El PP adopta la sonrisa de Casado
La convención fomenta la autoestima del partido, marca distancias con Vox y honra a Aznar
La mueca sonriente de Pablo Casado ha sido la contraseña de la Convención del PP. Se sonríe la militancia a imagen del líder en los pasillos de Ifema. Proliferan los selfis, los “me gusta”, los alardes de dentadura. Han recuperado los populares la autoestima. Y se han concedido un extraño ejercicio de amnesia: eludir la existencia del marianismo, convenir que Casado es el heredero interpuesto de Aznar. Aunque fuera Aznar quien ungió a Rajoy. Y aunque Rajoy desempeñara durante siete años el despacho de La Moncloa, y durante 14 años, la presidencia del partido.
Rajoy ha tenido que reivindicarse a sí mismo en la convención en un papel humillante de telonero. Alertó contra el adoctrinamiento, contra el ardor ideológico, pero fue un episodio voluntarista subordinado al protagonismo totémico de Aznar, cuyo homenaje a la originalidad dialéctica de Manuel Fraga —ni tutelas ni tutías— le permitía proclamar la emancipación de Casado como líder del PP, no sin antes relamerse en su papel de reina madre y entregar al delfín el mapa de la victoria: el Partido Popular debe convertirse en la casa común del centro derecha reformista, asumiendo una equidistancia entre el liberalismo, la idiosincrasia democristiana y los fundamentos conservadores.
Impresiona el descaro con que Aznar se recrea en su resurrección. Fue él quien alimentó el monstruo del nacionalismo, quien bendijo los tanques de la guerra iraquí y quien lideró el partido en los años dorados de la corrupción, pero ha logrado blanquearse con el abrazo de Vargas Llosa y con el dentífrico albino que ilumina la dentadura de Casado, protagonista de un discurso de clausura autoritario cuyos vaivenes de hipoglucemia reflejan a la vez el optimismo y el pánico del PP.

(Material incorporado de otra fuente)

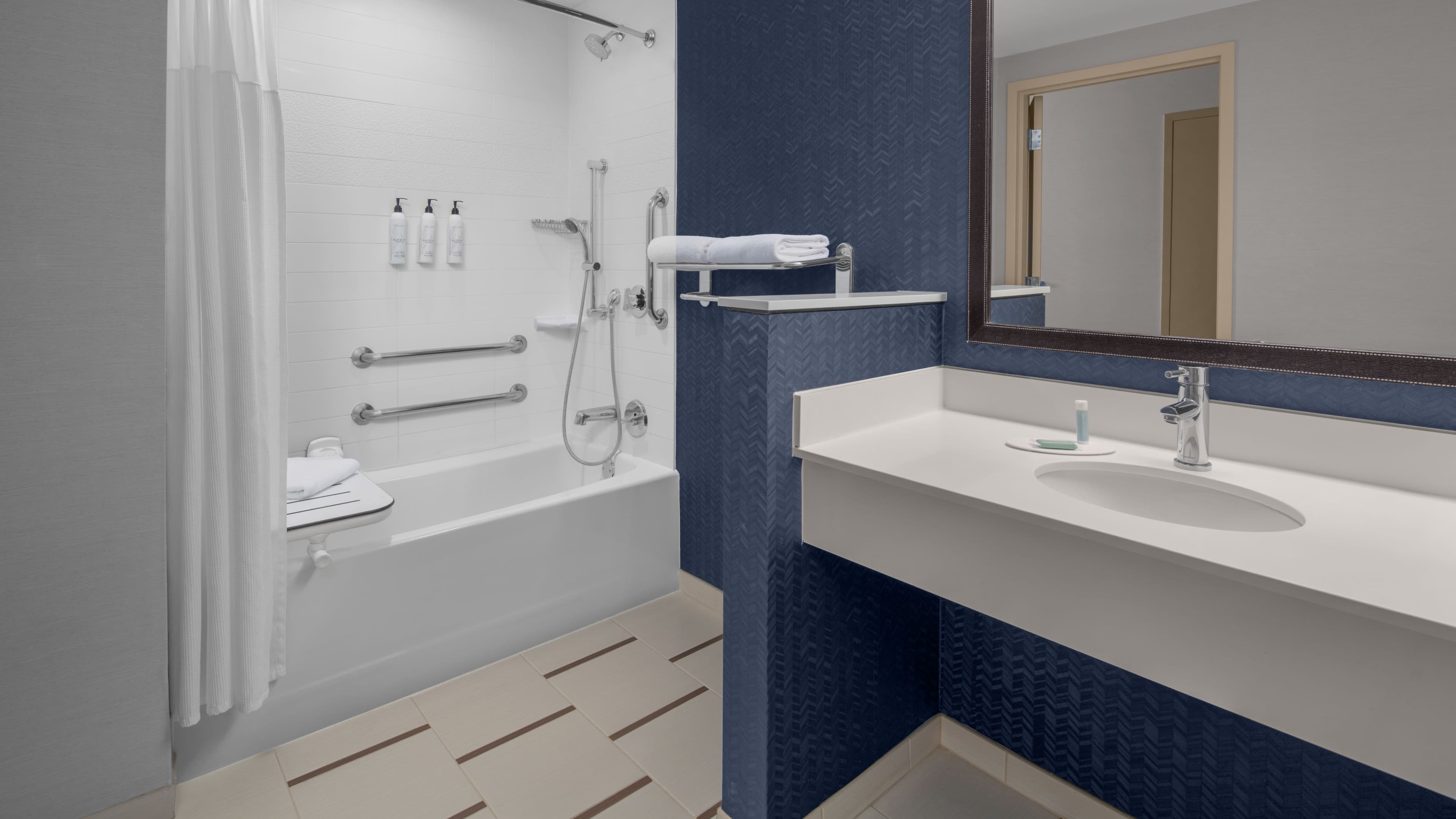 King Guest Room - Image 6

Optimismo porque la investidura de Moreno en Andalucía y la reclamación casadista del voto útil, genuino, ensimismado —"el voto del PP solo está en el PP"— convierten a los populares en la llave maestra de futuros gobiernos. Y pánico porque la ambición de concentrar el espectro centrista y moderado define, identifica, al mismo tiempo, la competencia tradicional del PSOE y la rivalidad explícita, elocuente, de Ciudadanos, sin olvidar la fractura electoral que supone a estribor la irrupción del nacional-populismo-friquismo de Vox.
Casado no mencionó al partido de Abascal. Lo restringió a una imitación, a una adulteración de la doctrina popular, a una corriente subalterna. Tuvo en cuenta en su discurso los argumentos más afines a la psicosis de Vox —bandera, inmigración, seguridad, defensa de la vida—, pero la intervención del presidente —tan larga como si necesitara convencerse a sí mismo— y la de sus precursores, Aznar y Rajoy, mantuvieron al PP fuera de la intoxicación ultraderechista.
Se trata de establecer un cordón sanitario conceptual, de confortar al votante sensato, aunque las necesidades políticas y aritméticas que ya se han predispuesto en Andalucía van a exigir a los populares coexistir, pactar y condescender con la derecha feroz.
Nadie mejor que el propio Moreno para escenificar en Madrid el cambio de inercia. Su calor dialéctico, su folclorismo y su euforia calentaron el graderío, enardecieron a la militancia en la clausura dominical, pero no pudieron ocultar la gran paradoja de la convención: el nuevo PP se aferra a la victoria póstuma del marianismo, convierte al delfín de Soraya. o sea, Juan Manuel Moreno Bonilla, en el estandarte y la superstición del porvenir.